## [GIVEN DATA]
========================================================================

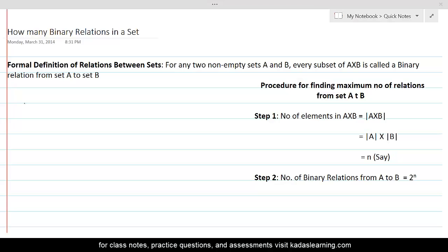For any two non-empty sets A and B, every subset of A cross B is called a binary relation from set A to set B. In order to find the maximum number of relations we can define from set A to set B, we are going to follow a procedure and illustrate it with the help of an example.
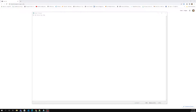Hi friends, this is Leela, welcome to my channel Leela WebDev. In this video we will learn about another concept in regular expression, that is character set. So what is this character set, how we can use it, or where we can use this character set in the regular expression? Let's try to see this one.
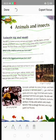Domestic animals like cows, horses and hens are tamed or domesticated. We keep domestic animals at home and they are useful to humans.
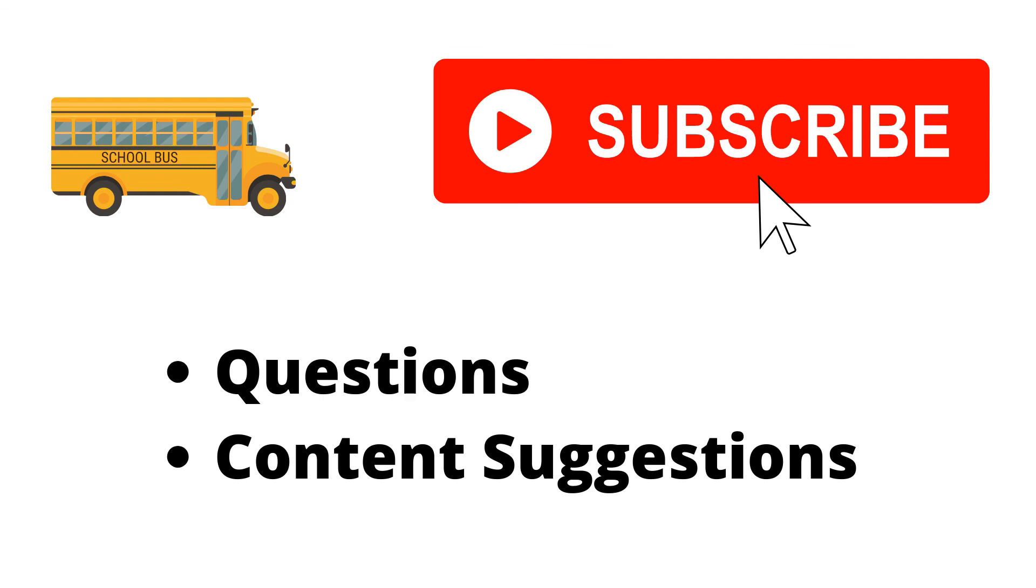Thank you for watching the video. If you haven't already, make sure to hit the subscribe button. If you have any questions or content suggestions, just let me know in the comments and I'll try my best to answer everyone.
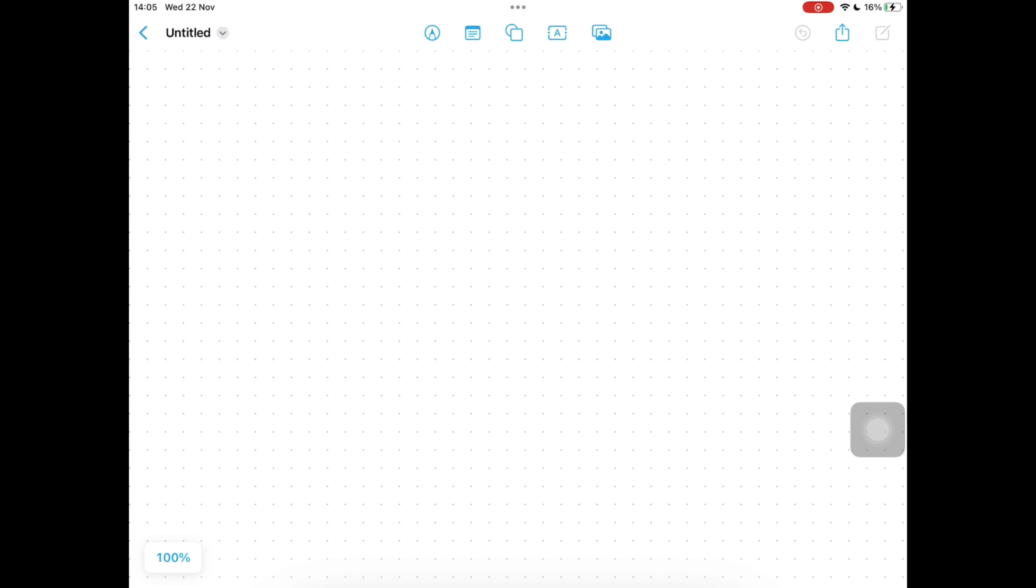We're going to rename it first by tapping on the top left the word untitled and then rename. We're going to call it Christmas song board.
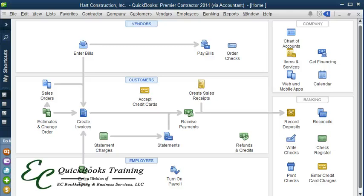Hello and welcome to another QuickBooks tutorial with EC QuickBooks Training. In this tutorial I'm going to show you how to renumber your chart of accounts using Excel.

========================================================================

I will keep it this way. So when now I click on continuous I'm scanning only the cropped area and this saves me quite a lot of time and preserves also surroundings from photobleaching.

========================================================================

## [THE PROBLEM]
Reproduce exactly the lines of the data above that run from the line with "For any two" down to the line with "Hello and welcome", both ends included. Pictures do not belong in the copy.

## [SOLUTION]
For any two non-empty sets A and B, every subset of A cross B is called a binary relation from set A to set B. In order to find the maximum number of relations we can define from set A to set B, we are going to follow a procedure and illustrate it with the help of an example.
Hi friends, this is Leela, welcome to my channel Leela WebDev. In this video we will learn about another concept in regular expression, that is character set. So what is this character set, how we can use it, or where we can use this character set in the regular expression? Let's try to see this one.
Domestic animals like cows, horses and hens are tamed or domesticated. We keep domestic animals at home and they are useful to humans.
Thank you for watching the video. If you haven't already, make sure to hit the subscribe button. If you have any questions or content suggestions, just let me know in the comments and I'll try my best to answer everyone.
We're going to rename it first by tapping on the top left the word untitled and then rename. We're going to call it Christmas song board.
Hello and welcome to another QuickBooks tutorial with EC QuickBooks Training. In this tutorial I'm going to show you how to renumber your chart of accounts using Excel.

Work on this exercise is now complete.